These are promising developments, but not all the pieces that make up a true retail market have fallen into place — and those missing pieces represent real opportunity. Drawing on experience and the insights gained from a 2006 Booz Allen Hamilton study of 3,000 consumers and 600 physicians, we are starting to see which factors will enable the system to work well. (See Exhibit 1.) To make competition and innovation among payers and suppliers possible, the system will require the following: consumers who live healthy lives and plan for their future health-care needs; a fundamentally restructured supply side that provides consumers all the information they need to make wise choices and is quick to respond to changing consumer demands; and new kinds of intermediaries (perhaps the payers of today, perhaps not) to help align the supply and demand sides and help consumers navigate the complex system. All this requires an environment, both regulatory and technological, that encourages innovation and competition. There is tremendous potential for those players who empower consumers in this arrangement, with information, tools, and services that help them take control of their health care immediately and in the future. None of the three — consumers, payers, or suppliers — can drive the changes alone. As with any other market, the system won’t function unless all the elements are moving in harmony.
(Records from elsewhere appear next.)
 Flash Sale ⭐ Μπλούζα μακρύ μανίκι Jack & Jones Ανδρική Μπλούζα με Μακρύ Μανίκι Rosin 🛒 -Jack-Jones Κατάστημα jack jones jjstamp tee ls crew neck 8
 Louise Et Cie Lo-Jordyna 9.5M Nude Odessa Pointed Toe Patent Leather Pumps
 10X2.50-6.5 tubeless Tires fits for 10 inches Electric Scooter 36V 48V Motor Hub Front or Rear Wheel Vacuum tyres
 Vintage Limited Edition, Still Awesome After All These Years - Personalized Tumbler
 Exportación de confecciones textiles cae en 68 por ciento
The goals of this retail revolution are to improve health and health care and to transform an annually evaporating asset — traditional health insurance — into a lifelong benefit with real wealth-building potential for consumers over and above any near-term risk management features. New approaches and mechanisms for payment have already emerged, but enormous gaps still exist between the supply and demand sides. Those gaps are where the opportunity lies for players who can bring to market new products and services that align the two sides. The consumer-centric offerings already appearing and those that have yet to emerge are more than cost-cutting tools or cynical antidotes to forced-choice HMOs. They’re probably the last chance for a largely private health-care system in the country.
Consumerism is not a new phenomenon in the $2 trillion U.S. health-care sector. We’ve seen elements of it, such as direct-to-consumer drug advertising and independent health information sources like WebMD, emerging for more than 20 years. In the last couple of years, however, innovations like CDHPs, tiered drug benefits, and restricted insurance coverage have begun to take hold and are accelerating the retail shift. More than 13 million people, or 7 percent of the population covered by private insurance, are now insured by CDHPs, and the number has been doubling annually since 2004. At that rate, CDHPs in the U.S. will reach the tipping point — generally defined as 15 percent penetration — within the next year or two; once that happens, we’ll see the entire market, including doctors, hospitals, drug companies, or device makers, respond with a more consumer-centric approach, or be left behind.
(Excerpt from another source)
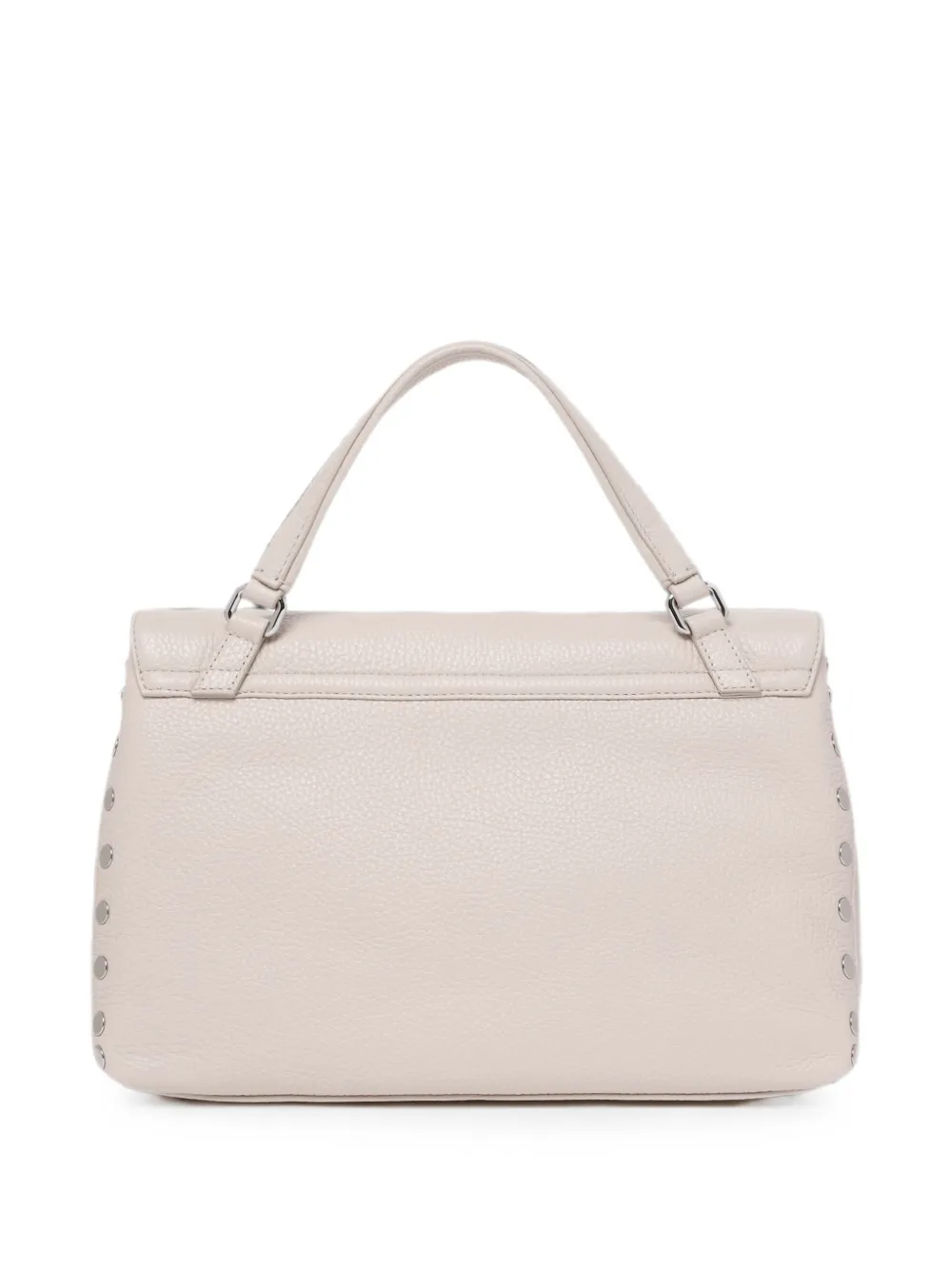 Zanellato Postina leren shopper verfraaid met studs Beige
Informed Decision Making. Much of what is needed on the demand side is in place today or likely to emerge in the near term. CDHP enrollees offer an early glimpse of subtle changes in consumer attitudes in a retail market. Our study shows that CDHP enrollees are more likely to be aware of price and quality differences in products and services and more likely to have seen information and shop around; they’re more likely to ask for prices up front, more likely to negotiate prices, and more willing to trade convenience for lower prices. They’re also more likely to segment health offerings: For those products or services viewed as commodities, they will pick lower-cost alternatives, choosing, for example, generics over branded prescription drugs. They are more likely to plan ahead when making health-care decisions and to invest dollars now to prevent problems later.